╭──
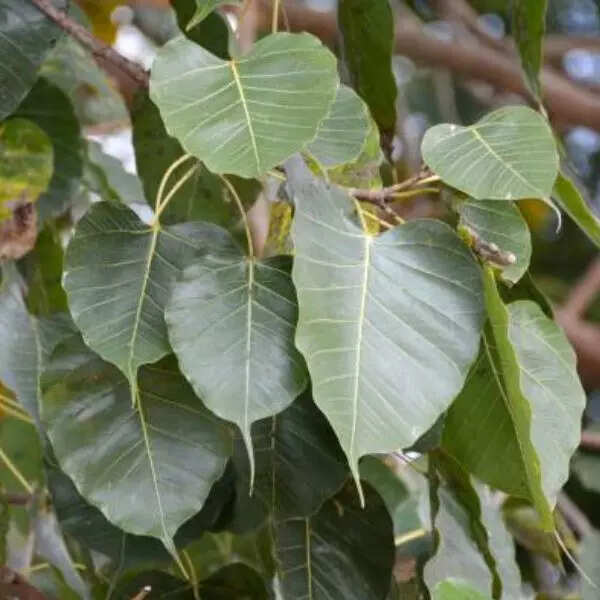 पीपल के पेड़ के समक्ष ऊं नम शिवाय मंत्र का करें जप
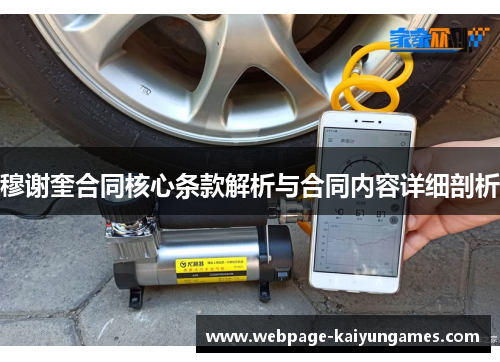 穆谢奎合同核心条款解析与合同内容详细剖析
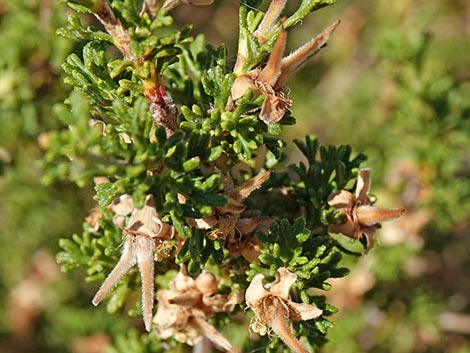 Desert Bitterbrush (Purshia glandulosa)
╰──
╭──
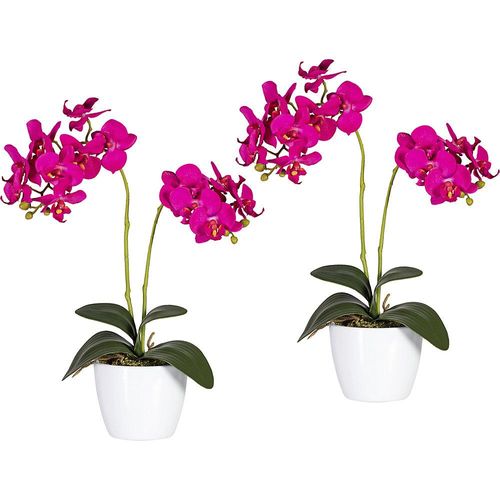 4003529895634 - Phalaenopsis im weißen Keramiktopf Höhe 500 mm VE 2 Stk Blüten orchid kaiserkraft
╰──
#### [EXERCISE DIRECTIONS]
Repeat only the stretch of data above that runs from the line with "पीपल के पेड़" to the line with "Desert Bitterbrush (Purshia glandulosa)". Keep both end lines; exclude pictures.

#### [RESULT OF THIS TASK]
 पीपल के पेड़ के समक्ष ऊं नम शिवाय मंत्र का करें जप
 穆谢奎合同核心条款解析与合同内容详细剖析
 Desert Bitterbrush (Purshia glandulosa)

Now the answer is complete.